Black Friday is just around the corner!
Most of us don’t remember Black Friday growing up. It seems to have exploded over the last five years and is now spoken about for the whole of November. Where did it come from? What are we actually celebrating? How does all that link with marketing?
What Is Black Friday?
Black Friday is an American annual shopping day that falls the day after Thanksgiving. As Americans have it as an extra day off, for most people, it’s the start of the holiday season and a great time to start buying Christmas gifts now that Thanksgiving is over. The name ‘Black Friday’ comes from earning a profit being referred to as ‘in the black’ rather than ‘in the red’. As Black Friday is now the biggest shopping day of the year, with many customers seeing their biggest profits that day, it is understandable why it would be named after the profit.
Here in England, the term Black Friday used to refer to the Friday before Christmas as that was the biggest night of the year for office parties and was a busy time for the NHS and the Police. Amazon introduced Brits to the American version of Black Friday in 2010, but it wasn’t until Asda (owned by American company Walmart) took part in 2013 that it started to be successful in the UK. The following year, many big retailers began introducing their own offers for Black Friday, and it has grown bigger and better year-on-year since. Without these first companies marketing it well, Black Friday would have never become what it is in this country. We do not celebrate Thanksgiving here, yet the following shopping day has become very popular due to clever marketing, and it is now the biggest shopping day of the year. Black Friday in the UK is simply born through and for marketing.
How Do You Market Your Business For Black Friday?
Despite being the most popular shopping day of the year, it does not mean Black Friday sales will be easy. When large companies spend thousands and thousands of pounds on Google Ads and Adwords such as ‘Black Friday Sale’, you have little to no chance of standing out on search engines and attracting new customers. This does not mean all hope is lost. You can see significant profit by focusing your Black Friday marketing efforts on pre-existing customers rather than trying to attract new ones.
You need to start early by sending out eshots (email marketing) to your mailing list with warm-up emails that tease deals and create anticipation. All your email marketing should be branded the same, and you should have graphics designed for your Black Friday marketing that you use consistently across all promotions. A well-designed email will help you stand out from others that your customer will no doubt receive.

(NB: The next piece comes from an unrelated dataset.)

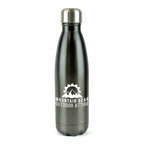 Branded 500ml Double-Walled Brushed Metallic Steel Bottle in Gun Metal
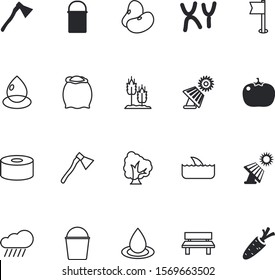 nature vector icon set such as: drip, animal, elements, vacancy, bubble, market, dinner, sack, camping, pail, housework, adventure, forecast, ax, park, medicine, collection, salad, chromosomes, pine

As the day approaches, you should be thinking about SMS marketing and social media campaigns, again all targeting your pre-existing customers and followers in your consistent Black Friday branding. Your social media posts should tell a unique story and stand out. If your customer scrolls past ten different Black Friday posts, what can you do to be the one that is remembered? Consider alternative branding away from the typical black and red associated with the days and sales, or why not try marketing using TikTok?
On the day of the sale, whether you choose to do a 24-hour sale or start it early, you need to ensure your website runs on a stable, powerful and reliable platform. If you manage to drive a good amount of traffic to your site, the last thing you want is for the website to crash before customers complete their purchases. Getting a customer to the website isn’t the end of the marketing for them. You can offer them add-ons at the checkout (called cross-selling) or recommend a more expensive version of what they have in their basket (upselling); you can also encourage sales with automated emails for abandoned carts and a thank you series following a sale.
Best of luck with your Black Friday marketing!